→ ABOUT THIS TASK: A verbatim copy of the listing is needed; pictures are to be left out.

→ AVAILABLE DATA:
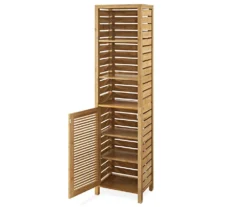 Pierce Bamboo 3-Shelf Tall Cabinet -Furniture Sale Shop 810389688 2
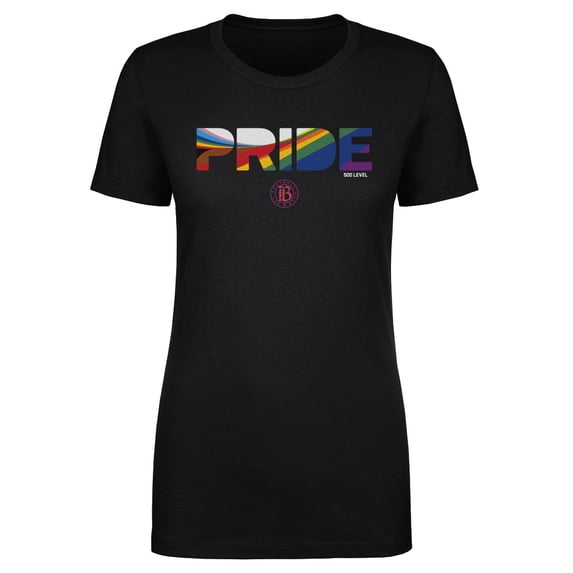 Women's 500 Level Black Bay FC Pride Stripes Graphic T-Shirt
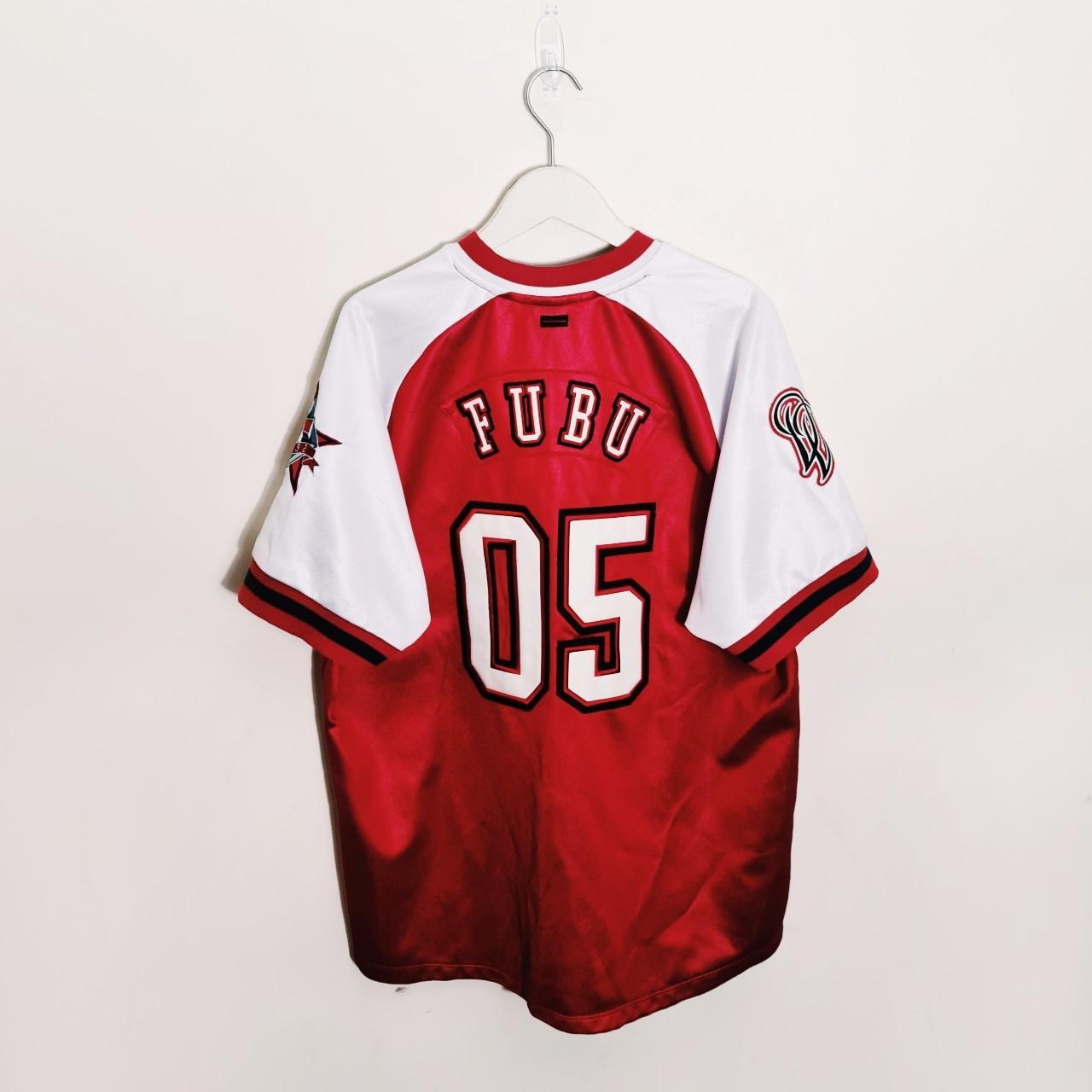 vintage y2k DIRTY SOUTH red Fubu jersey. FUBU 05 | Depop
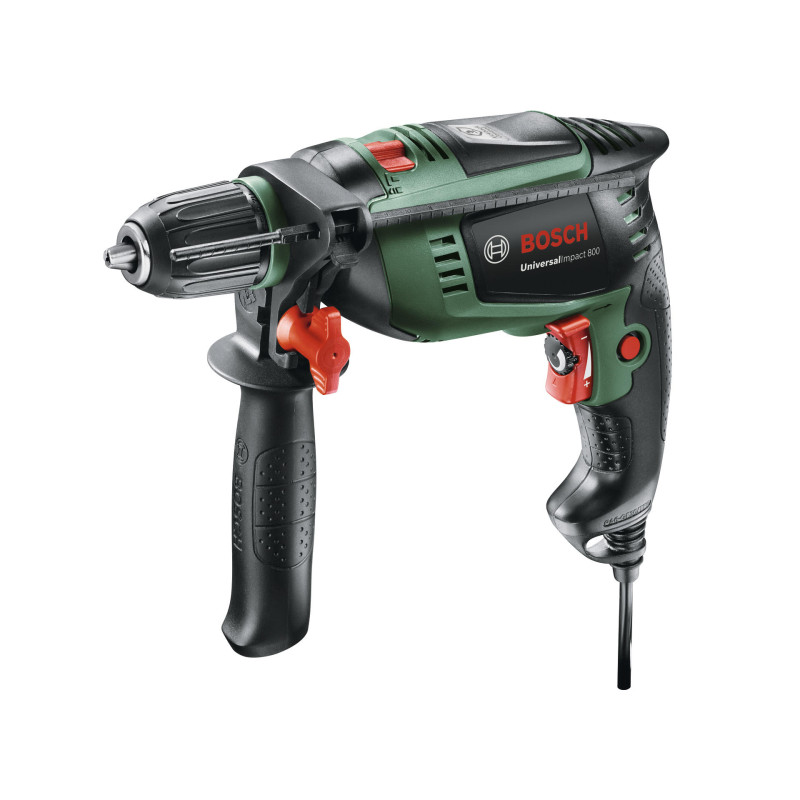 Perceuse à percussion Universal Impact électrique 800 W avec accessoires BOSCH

→ ANSWER BOX:
 Pierce Bamboo 3-Shelf Tall Cabinet -Furniture Sale Shop 810389688 2
 Women's 500 Level Black Bay FC Pride Stripes Graphic T-Shirt
 vintage y2k DIRTY SOUTH red Fubu jersey. FUBU 05 | Depop
 Perceuse à percussion Universal Impact électrique 800 W avec accessoires BOSCH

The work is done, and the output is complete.